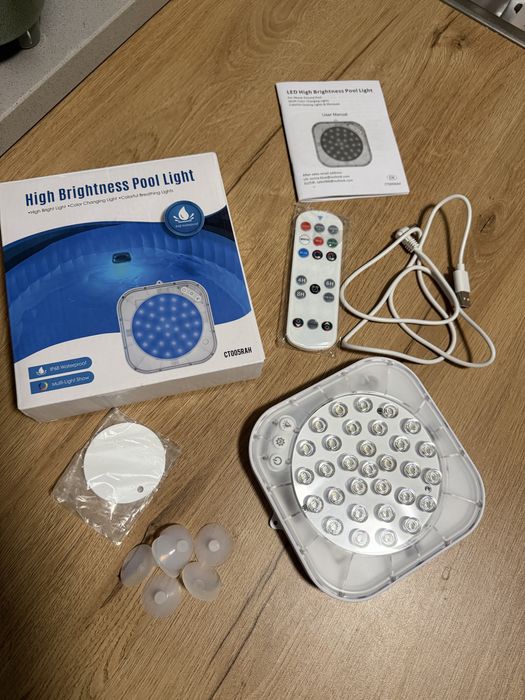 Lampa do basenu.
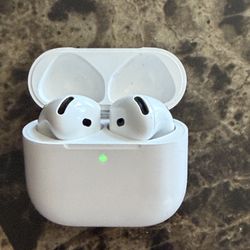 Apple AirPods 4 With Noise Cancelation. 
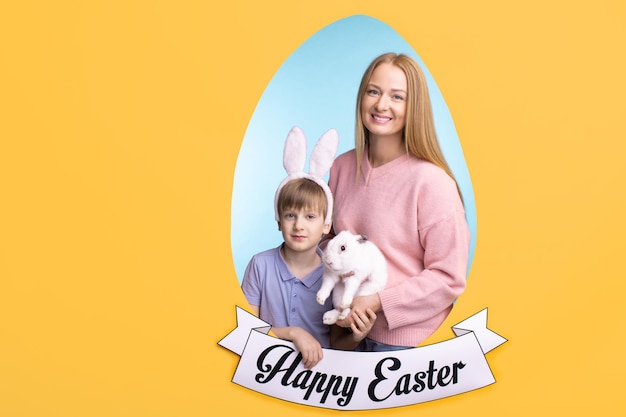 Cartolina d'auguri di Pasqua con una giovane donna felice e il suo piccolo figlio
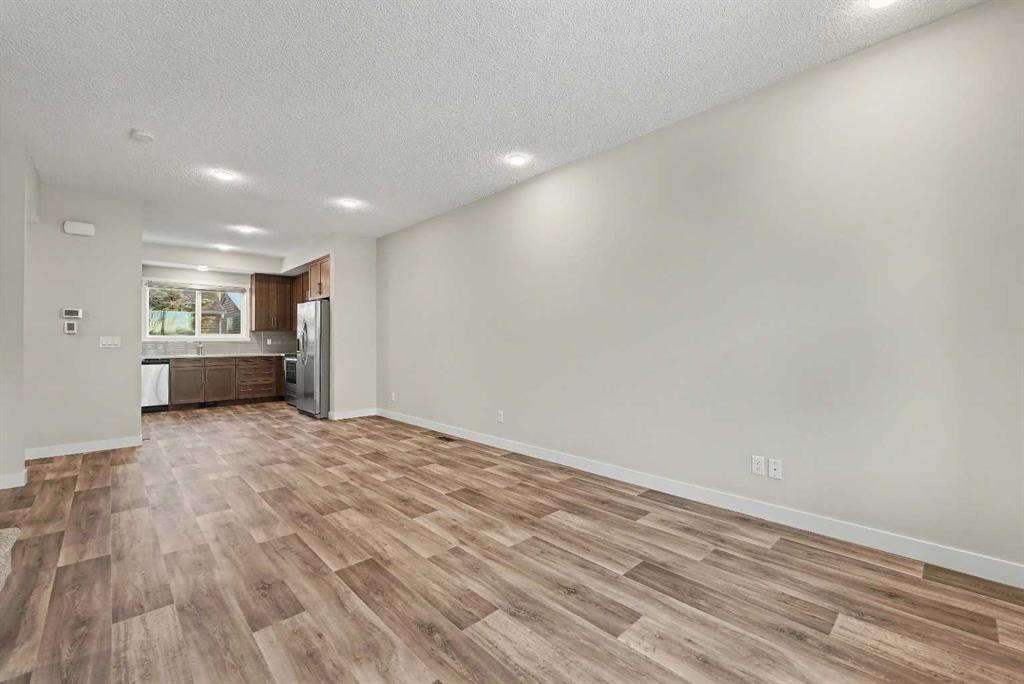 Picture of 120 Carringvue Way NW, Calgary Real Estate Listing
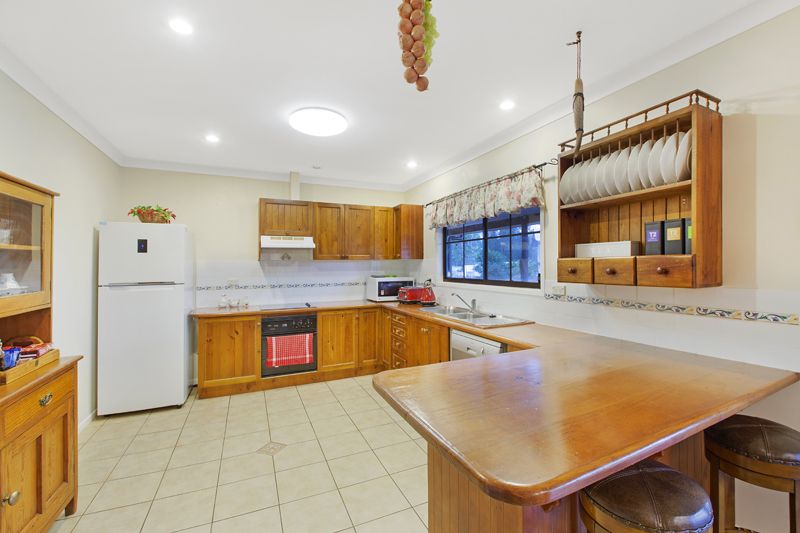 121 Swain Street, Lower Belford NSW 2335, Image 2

__Instructions for the task__:
Each record should be quoted exactly, with the images omitted.

__Answer box__:
 Lampa do basenu.
 Apple AirPods 4 With Noise Cancelation. 
 Cartolina d'auguri di Pasqua con una giovane donna felice e il suo piccolo figlio
 Picture of 120 Carringvue Way NW, Calgary Real Estate Listing
 121 Swain Street, Lower Belford NSW 2335, Image 2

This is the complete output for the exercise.